DA MAN: Are there any specific genres or roles that you want to explore more of in the future?
Penn Badgley: Playing Joe actually makes me tired of playing anyone. We just see too many people like me on camera. The sooner i get behind the lens, the better. i can’t say more than that.
DA MAN: Looking to the past a bit, however, what is your all-time favorite role?
Penn Badgley: Jeff Buckley [in 2012’s “Greetings from Tim Buckley”].
DA MAN: How about the one that really put you on the map? Which film or TV show was it that convinced you that you were definitely meant to be an actor?
Penn Badgley: Putting me “on the map” and convincing me that I am an actor are two very different things. “Gossip Girl” clearly put me on the map. Playing Jeff Buckley showed me what it was like to fuse creative joy and professional craft. it was then that i felt i could say definitively that I am an actor and that it felt good. But keep in mind I’ve been doing this, essentially, all my life. I was a professional at 12. So, I’ve never not felt like an actor. it’s feeling good about it that is a struggle sometimes.
DA MAN: When you’re not busy filming or otherwise working, how do you usually spend your time?
Penn Badgley: I love to read. I don’t have enough time for it. Studying historical events, people, philosophies, religions. If it’s not true, as the world is in such staggering pain, I don’t know what the point is—and I hold good fiction as true, but good fiction is not terribly common.
DA MAN: Last question: If a new actor came up to you and asked you for advice on how to make it in today’s entertainment scene, what would you tell him or her?

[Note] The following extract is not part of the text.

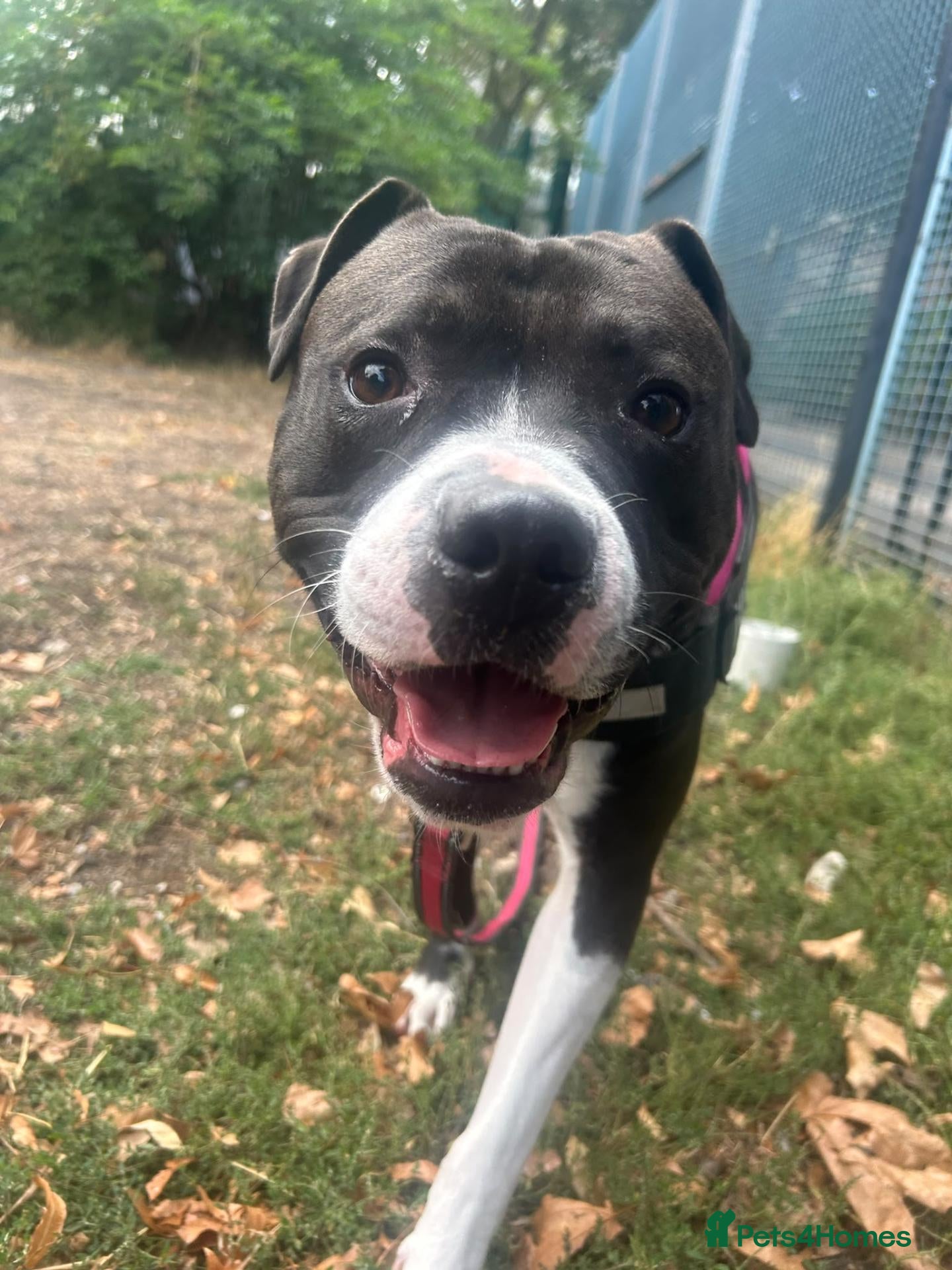 Mixed Breed dogs Gorgeous boy available for working home - Advert 1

Penn Badgley: Get out. Run! Or, write and produce. Examine how much your desire to be known, to be famous, is intertwined with your desire to get into it. I actually do not recommend it to anyone. You will only succeed against astronomical odds, suffer constant rejection, and through means that demand you make sacrifices or compromises which no one can promise you will come back from. it’s a skewed system, this is no secret. it’s not a meritocracy and I don’t believe I would have chosen this path as an adult. I did this at a very young age. So, i guess if you want to make it, first you have to discard my suggestion that it’s nearly driven me crazy and that you probably can’t make it. That’s step one.